** Data records follows **
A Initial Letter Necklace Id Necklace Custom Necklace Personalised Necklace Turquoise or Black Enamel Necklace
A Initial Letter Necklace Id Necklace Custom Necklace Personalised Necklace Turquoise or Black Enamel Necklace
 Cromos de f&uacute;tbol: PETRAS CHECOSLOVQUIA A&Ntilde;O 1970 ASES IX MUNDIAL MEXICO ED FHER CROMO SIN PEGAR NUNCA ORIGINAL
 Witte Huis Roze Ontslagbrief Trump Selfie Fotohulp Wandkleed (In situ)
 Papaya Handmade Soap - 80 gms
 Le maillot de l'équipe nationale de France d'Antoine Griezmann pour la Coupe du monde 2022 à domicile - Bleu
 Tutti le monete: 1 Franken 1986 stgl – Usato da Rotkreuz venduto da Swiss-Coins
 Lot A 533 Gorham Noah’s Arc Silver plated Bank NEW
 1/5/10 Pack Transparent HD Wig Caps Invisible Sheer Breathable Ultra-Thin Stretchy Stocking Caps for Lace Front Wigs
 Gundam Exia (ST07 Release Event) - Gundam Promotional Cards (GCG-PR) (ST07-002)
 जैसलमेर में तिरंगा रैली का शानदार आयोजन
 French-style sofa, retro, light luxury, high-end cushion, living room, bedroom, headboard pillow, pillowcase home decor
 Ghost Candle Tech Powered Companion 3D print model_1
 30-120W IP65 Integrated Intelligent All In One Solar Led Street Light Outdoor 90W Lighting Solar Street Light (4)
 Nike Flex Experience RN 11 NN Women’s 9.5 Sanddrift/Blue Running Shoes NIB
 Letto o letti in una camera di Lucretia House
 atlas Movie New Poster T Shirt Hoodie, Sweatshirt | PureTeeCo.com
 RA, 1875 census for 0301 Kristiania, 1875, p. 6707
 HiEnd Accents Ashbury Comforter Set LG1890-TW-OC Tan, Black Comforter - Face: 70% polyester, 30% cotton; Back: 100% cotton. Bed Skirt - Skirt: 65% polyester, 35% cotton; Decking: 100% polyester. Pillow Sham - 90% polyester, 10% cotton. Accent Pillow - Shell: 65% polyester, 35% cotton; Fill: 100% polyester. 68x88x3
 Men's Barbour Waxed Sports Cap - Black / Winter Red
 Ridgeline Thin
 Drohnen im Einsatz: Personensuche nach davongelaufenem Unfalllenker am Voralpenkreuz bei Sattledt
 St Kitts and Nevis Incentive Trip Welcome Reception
** End of Data records **
- **Task objective**
Up to and including the last line of the records above, print exactly every line from the one that contains "1/5/10 Pack Transparent" onward.

- **Reply**
 1/5/10 Pack Transparent HD Wig Caps Invisible Sheer Breathable Ultra-Thin Stretchy Stocking Caps for Lace Front Wigs
 Gundam Exia (ST07 Release Event) - Gundam Promotional Cards (GCG-PR) (ST07-002)
 जैसलमेर में तिरंगा रैली का शानदार आयोजन
 French-style sofa, retro, light luxury, high-end cushion, living room, bedroom, headboard pillow, pillowcase home decor
 Ghost Candle Tech Powered Companion 3D print model_1
 30-120W IP65 Integrated Intelligent All In One Solar Led Street Light Outdoor 90W Lighting Solar Street Light (4)
 Nike Flex Experience RN 11 NN Women’s 9.5 Sanddrift/Blue Running Shoes NIB
 Letto o letti in una camera di Lucretia House
 atlas Movie New Poster T Shirt Hoodie, Sweatshirt | PureTeeCo.com
 RA, 1875 census for 0301 Kristiania, 1875, p. 6707
 HiEnd Accents Ashbury Comforter Set LG1890-TW-OC Tan, Black Comforter - Face: 70% polyester, 30% cotton; Back: 100% cotton. Bed Skirt - Skirt: 65% polyester, 35% cotton; Decking: 100% polyester. Pillow Sham - 90% polyester, 10% cotton. Accent Pillow - Shell: 65% polyester, 35% cotton; Fill: 100% polyester. 68x88x3
 Men's Barbour Waxed Sports Cap - Black / Winter Red
 Ridgeline Thin
 Drohnen im Einsatz: Personensuche nach davongelaufenem Unfalllenker am Voralpenkreuz bei Sattledt
 St Kitts and Nevis Incentive Trip Welcome Reception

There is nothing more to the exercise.